I too feel Sept. 11 will remain one of the saddest days of my life, but another sad thing is the tens of thousands of innocent people who are paying for the actions of a small few with their lives (i.e. Middle Eastern citizens, soldiers etc.)

oh and rufi...I like that pic too. I think the term should read 'god bless New York's Finest and bravest'


----------



## demanjo (Dec 9, 2003)

My heart absolutely goes out to the firefighters, and the general people who were injured in this attack. It was a dispicable thing on a human nature level, and i have the highest respect and admiration for the people that were hurt, and tried to assist.

The political significance of this event i do have to feel, whats the word, more accepting about? What im saying is i think it was a bit of a wake-up call, and it had its place.

Very touching photos tho, thank you.


----------



## nikko (Jul 23, 2004)

demanjo said:


> The political significance of this event i do have to feel, whats the word, more accepting about? What im saying is i think it was a bit of a wake-up call, and it had its place.


Yes...We sure showed those "terrorists" by bombing Iraq. 

Isn't it funny people think terrorists are all Middle Eastern, when in fact all terrorism and high significance crimes are almost always cause by some white looney with too much time on his/her hands.

Oh well, I've had my say. Now I just have to sit back and wait until the authorities drag me away as being a suspected terrorist. 

I'm going to take a Mike Moore stance and blame politicians for being the terrorists. Kids getting dumber, crime getting out of control, the healthcare system in the shit. Terrorists didn't do this, governments did.


----------



## demanjo (Dec 9, 2003)

Well kinda that too,

But i am talking more in reference to making US realise that you do piss alot of other people off by your lifestyle and some international acts, and that you are not the sole people on this planet, and you are not invulnerable.


----------



## SDfan (Apr 7, 2005)

This was truely a horrible day in our history. All those images shouldn't be forgotten soon...although I believe we have already. Good job TowersNYC, this has been a nice (and horrible) tour down memory lane...

...as for the people debating about Bush on this thread...SHUT UP!!!

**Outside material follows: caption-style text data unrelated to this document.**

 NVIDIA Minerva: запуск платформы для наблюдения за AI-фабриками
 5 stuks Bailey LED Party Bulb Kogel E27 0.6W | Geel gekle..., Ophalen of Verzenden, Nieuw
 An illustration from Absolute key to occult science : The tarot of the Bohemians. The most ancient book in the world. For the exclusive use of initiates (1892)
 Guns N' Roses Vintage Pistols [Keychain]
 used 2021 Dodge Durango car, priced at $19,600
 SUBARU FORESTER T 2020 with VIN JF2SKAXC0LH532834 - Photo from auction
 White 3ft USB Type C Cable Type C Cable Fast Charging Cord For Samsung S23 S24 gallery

Find another thread for this, this isn't the place for such words. :no:


----------



## lokinyc (Sep 17, 2002)

no city deserves to go through what we went through, even Baghdad. All war and hatred and intolerance is wrong.


----------



## eklips (Mar 29, 2005)

Actually bagdad went through much worse


----------



## JARdan (Aug 21, 2004)

lokinyc said:


> no city deserves to go through what we went through, even Baghdad. All war and hatred and intolerance is wrong.

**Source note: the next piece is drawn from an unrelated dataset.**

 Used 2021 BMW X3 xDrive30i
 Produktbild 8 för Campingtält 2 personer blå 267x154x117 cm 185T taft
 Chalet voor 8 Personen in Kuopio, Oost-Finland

I wouldn't worry about that. Baghdad, along with the Iraqi civilians, has gone through what New York went through tenfold.


----------



## Rockefeller (Jan 1, 2005)

There were a lot of heroes that day and the days that followed, both civilian and professional. My heart goes out to the families of all those who had loved ones who died. I vividly remember 911. 

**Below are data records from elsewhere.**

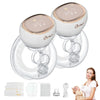 Hands Free Breast Pump, Wearable Breast Pump Portable Breast Pump Electric Breast Pump Hands Free,3 Modes-9 Levels Painless Low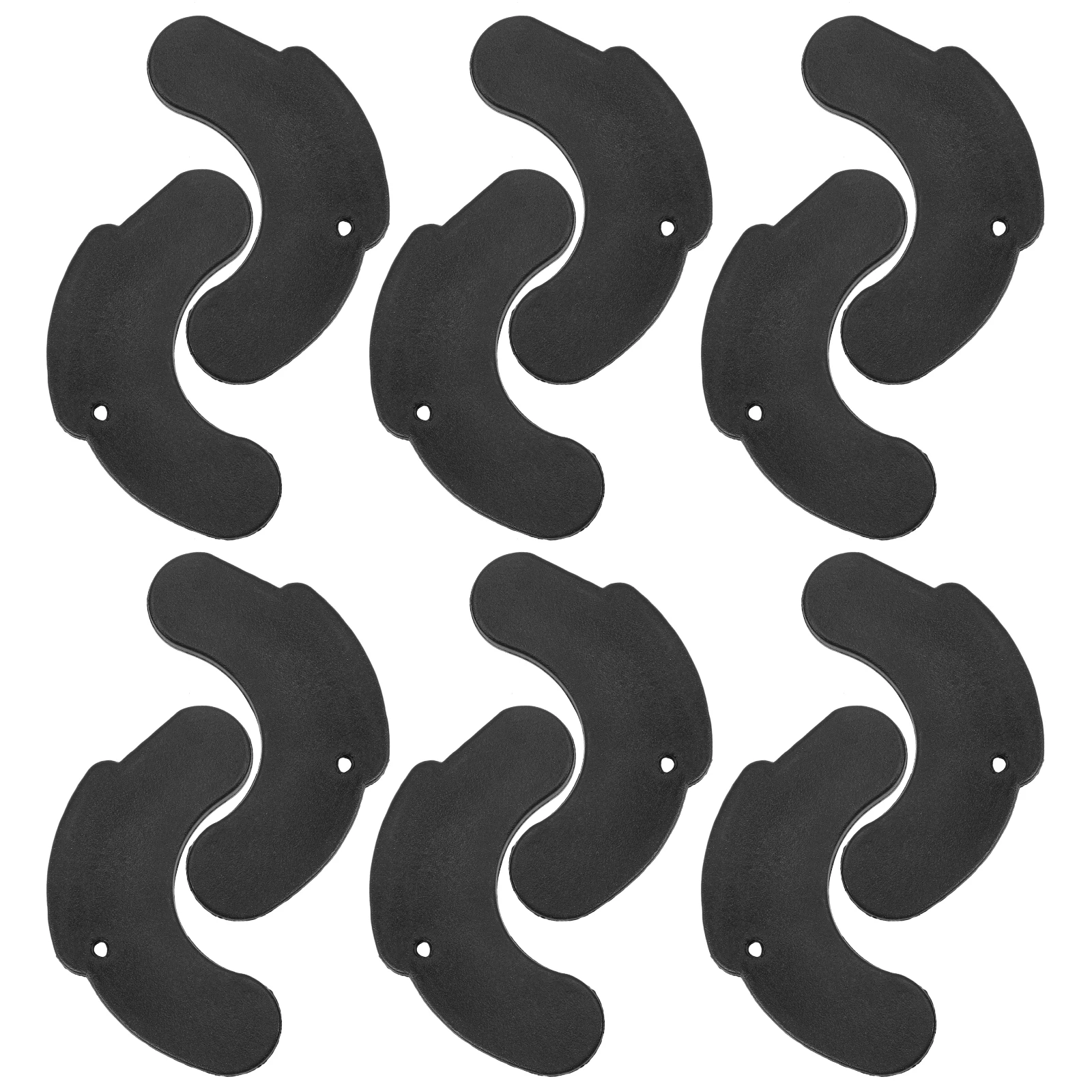 6 Pairs Fitness Equipment Dumbbell Pad Gym Fashionable Exercise Holder for Dumbbells Black Pads Cushioning
6 Pairs Fitness Equipment Dumbbell Pad Gym Fashionable Exercise Holder for Dumbbells Black Pads Cushioning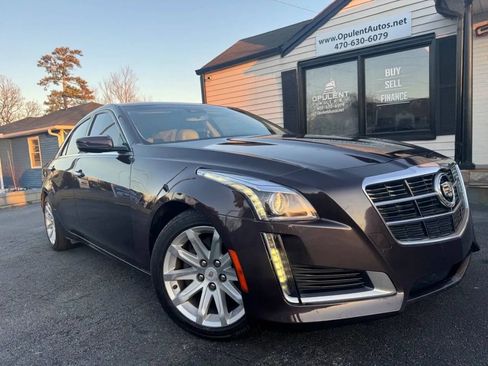 Used 2014 Cadillac CTS Luxury RWD image 1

To the firemen of the NYFD - there can be no braver men and no nobler deed performed, than what they did that day.


----------



## JARdan (Aug 21, 2004)

When my mom went to NY in December I got her to bring me back an NYPD hoodie. I love it, and I feel like I'm paying my respect in some form.


----------



## centralized pandemonium (Aug 16, 2004)

Rockefeller said:


> To the firemen of the NYFD - there can be no braver men and no nobler deed performed, than what they did that day.



100% agree with that :yes:.


----------



## Guest (Jun 8, 2005)

Video of the second plane hitting


----------



## SDfan (Apr 7, 2005)

virtual said:


> Actually bagdad went through much worse


 :sleepy:


----------